April was another strong month for equity markets, while fixed income had a flat month.
The S&P/TSX Composite was up +2.4% in April, hitting new all time highs. The TSX Comp. is now up more than 10% for 2021. The S&P/TSX Small Cap was up +5.1% for the month, and is up +13.7% for 2021. In the US, equity market performance was also strong. The large cap S&P500 was up +5.3% (+11.8% for 2021) while the small cap Russell 2000 index was up +2.1% for April and +14.8% for 2021.
The broad index of EAFE (Europe, Australasia & Far East) stocks was up +1.0% (+8.0% for 2021), European stocks were up +2.0%, and British stocks were up +3.8% for April. For 2021 European and British stocks are up +9.1% and +7.9%, respectively. Japanese stocks were one of the few losing markets in April, down -1.3%. Emerging market stocks were up +1.5% for the month, and are one of the laggards for 2021, up +5.0%.
Bonds stopped their slump in April. The major Canadian bond index, the FTSE/TMX Universe Bond Index, was flat in April while the FTSE/TMX Short-term Bond Index was up +0.2%. US investment grade bonds did better; the ICE BoA AAA and BBB indexes were up +1.5% and +1.2% respectively for April. High yield was up +1.1% for HY Master II and +1.3% for the CCC and lower (the real junky stuff) Index. Emerging market bonds were flat.

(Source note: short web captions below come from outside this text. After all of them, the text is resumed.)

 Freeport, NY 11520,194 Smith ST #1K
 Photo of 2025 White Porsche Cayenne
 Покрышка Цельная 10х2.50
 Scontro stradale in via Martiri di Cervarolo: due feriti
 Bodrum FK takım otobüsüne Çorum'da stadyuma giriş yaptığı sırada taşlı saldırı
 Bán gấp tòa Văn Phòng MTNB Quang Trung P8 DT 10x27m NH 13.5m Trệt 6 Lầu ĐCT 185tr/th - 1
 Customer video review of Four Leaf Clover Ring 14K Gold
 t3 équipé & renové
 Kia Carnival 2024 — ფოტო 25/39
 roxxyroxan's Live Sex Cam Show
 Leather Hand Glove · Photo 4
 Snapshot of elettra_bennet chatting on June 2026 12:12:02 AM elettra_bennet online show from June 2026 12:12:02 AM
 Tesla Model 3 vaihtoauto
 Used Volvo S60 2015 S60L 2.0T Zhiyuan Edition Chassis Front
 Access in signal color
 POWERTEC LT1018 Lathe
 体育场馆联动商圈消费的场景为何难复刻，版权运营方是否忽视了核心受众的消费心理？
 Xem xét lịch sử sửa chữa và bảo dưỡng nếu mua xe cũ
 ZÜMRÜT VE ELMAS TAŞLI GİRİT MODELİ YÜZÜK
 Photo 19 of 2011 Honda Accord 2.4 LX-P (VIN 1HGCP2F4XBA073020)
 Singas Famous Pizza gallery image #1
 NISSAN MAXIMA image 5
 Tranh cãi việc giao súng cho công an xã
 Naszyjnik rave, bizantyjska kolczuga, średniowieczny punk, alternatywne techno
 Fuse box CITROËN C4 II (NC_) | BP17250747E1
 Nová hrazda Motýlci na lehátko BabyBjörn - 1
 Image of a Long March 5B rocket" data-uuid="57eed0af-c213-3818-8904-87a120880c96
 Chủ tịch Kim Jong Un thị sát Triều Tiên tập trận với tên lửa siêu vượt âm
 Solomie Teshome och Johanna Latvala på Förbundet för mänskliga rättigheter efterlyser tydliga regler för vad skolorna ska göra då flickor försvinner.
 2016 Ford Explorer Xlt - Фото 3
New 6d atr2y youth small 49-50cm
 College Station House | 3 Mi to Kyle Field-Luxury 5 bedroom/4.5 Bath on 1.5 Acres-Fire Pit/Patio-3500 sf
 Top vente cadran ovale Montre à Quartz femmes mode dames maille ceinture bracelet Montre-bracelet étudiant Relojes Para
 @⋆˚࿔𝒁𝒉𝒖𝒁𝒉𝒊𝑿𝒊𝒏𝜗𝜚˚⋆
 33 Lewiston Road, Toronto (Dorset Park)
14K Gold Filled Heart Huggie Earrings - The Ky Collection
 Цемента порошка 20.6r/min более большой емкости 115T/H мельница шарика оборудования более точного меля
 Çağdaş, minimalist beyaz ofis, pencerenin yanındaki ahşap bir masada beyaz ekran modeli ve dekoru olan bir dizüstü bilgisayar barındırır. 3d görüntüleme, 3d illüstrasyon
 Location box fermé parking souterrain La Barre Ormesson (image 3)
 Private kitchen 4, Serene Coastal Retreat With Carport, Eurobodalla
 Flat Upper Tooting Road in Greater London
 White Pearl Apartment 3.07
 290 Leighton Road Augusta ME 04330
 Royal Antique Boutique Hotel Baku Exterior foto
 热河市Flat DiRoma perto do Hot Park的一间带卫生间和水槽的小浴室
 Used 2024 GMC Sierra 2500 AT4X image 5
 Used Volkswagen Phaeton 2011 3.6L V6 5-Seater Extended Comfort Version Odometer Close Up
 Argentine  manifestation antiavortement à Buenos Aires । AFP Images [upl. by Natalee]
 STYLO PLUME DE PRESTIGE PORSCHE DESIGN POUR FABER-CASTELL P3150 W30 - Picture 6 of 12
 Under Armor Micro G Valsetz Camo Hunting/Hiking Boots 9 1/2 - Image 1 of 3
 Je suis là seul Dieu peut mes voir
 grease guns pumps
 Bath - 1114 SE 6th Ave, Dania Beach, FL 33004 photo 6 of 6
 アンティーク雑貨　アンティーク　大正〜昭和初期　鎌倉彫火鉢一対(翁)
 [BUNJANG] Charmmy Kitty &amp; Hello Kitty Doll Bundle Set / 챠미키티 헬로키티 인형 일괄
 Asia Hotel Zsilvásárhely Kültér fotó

REITs had another good month, gaining +4.6% in April and are up +14.3% for 2021.
Oil had a strong month, gaining +7.3% in April. For 2021 oil is now up +30.8%. Gold was up +3.2%, and is now down -6.7% for 2021. With oil making up a large part of the diversified Bloomberg Commodities Index, it returned +8.3% for April and is up +15.8% in 2021.
In April, the Canadian Dollar (CAD) gained +2.3% against the US Dollar, and lost -0.3% against the Euro.
April 2021 Economic Indicator Recap
Below are the readings received in April for the major economic indicators: central bank interest rates, inflation, GDP and unemployment.
Below are the current readings on a few other often followed economic indicators: retail sales and housing market metrics.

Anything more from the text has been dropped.